ShreeMetalPrices: Europe will be Severely Hurt by the Global slump, says OECD


The greatest energy crisis that since 1970s will cause a severely slowdown. With Europe being hardest hit, the OECD said, adding that policymakers’ first goal should be to combat inflation. The world economy should avoid going into recession next year.

Although there are many different national outlooks, the Organisation for Economic Cooperation and Development stated on Tuesday that the British economy is expect to lag behind significant peers.

Compared to the OECD’s September predictions. It predicted that global economic growth would fall from 3.1% this year to 2.2% next year before picking up again to 2.7% in 2024.

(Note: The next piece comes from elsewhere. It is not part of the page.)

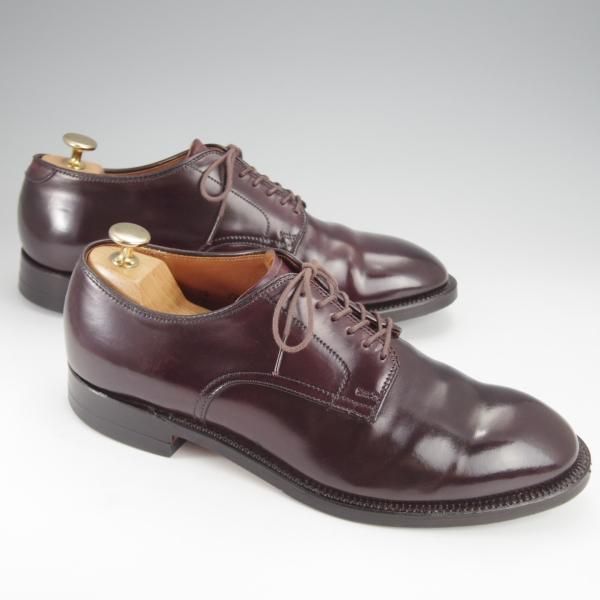 極上★オールデン 7.5D【定価￥169,400-★コードバン仕様/モディファイドラスト/53501】プレーントゥ/バーガンディー/赤茶/Alden★i935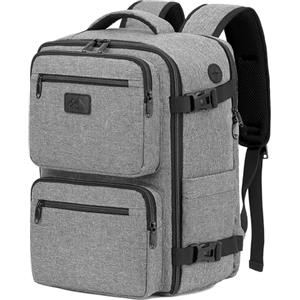 LYNXCHER Zaino da Viaggio Easyjet 45x36x20 Bagaglio a Mano Aereo 30L Borsa da Cabina per Uomo e Donna per Laptop da 15.6 Pollici Grigio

The head of the OECD, Mathias Cormann, stated at a press conference to unveil the group’s most recent Economic Outlook, “We are not expecting a recession. But we are definitely projecting a period of considerable weakening.

As per OECD, the global downturn is having an unequal impact on economies. With Europe suffering the most as a result of Russia’s conflict in Ukraine. Which is hurting commercial activity and raising energy prices.

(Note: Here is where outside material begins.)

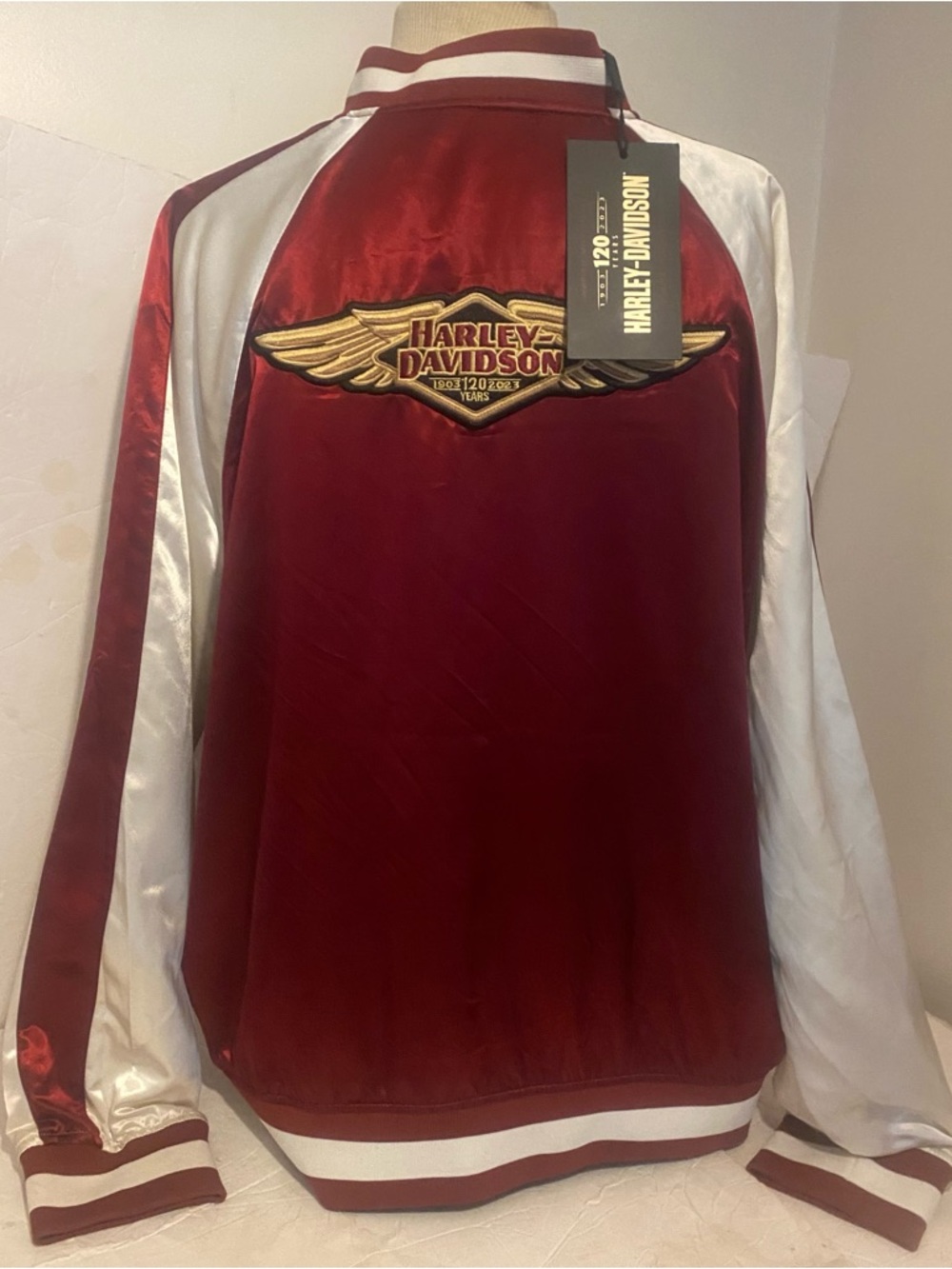 Harley Davidson Ladies NWT Anniversary Jacket With Thumb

It predicted that the GDP of the 19-member euro zone will rise by 3.3% this year, 0.5% in 2023.

And then 1.4% in 2024. This was a little better than the OECD’s forecast from September. Which predicted 3.1% growth for this year & 0.3% in 2023.

Germany, a regional powerhouse whose industry-driven economy is heavily dependent on Russian energy exports, was expect to fall by 0.3% next year, according to the OECD. Which is less dismal than the 0.7% decline forecast in September

Europe economy forecast for 2023 ?

The French economy, which is significantly less dependent upon Russian gas and oil, is predict to rise by 0.6% next year, despite varying outlooks even within Europe.

Italy was only deem to be growing by 0.2%, which suggests that numerous quarterly contractions are likely.

Outside of the euro zone. It was predicted that the British economy will contract by 0.4% in 2019 as a result of rising interest rates, soaring prices. And low confidence, the OECD had previously projected 0.2% increase.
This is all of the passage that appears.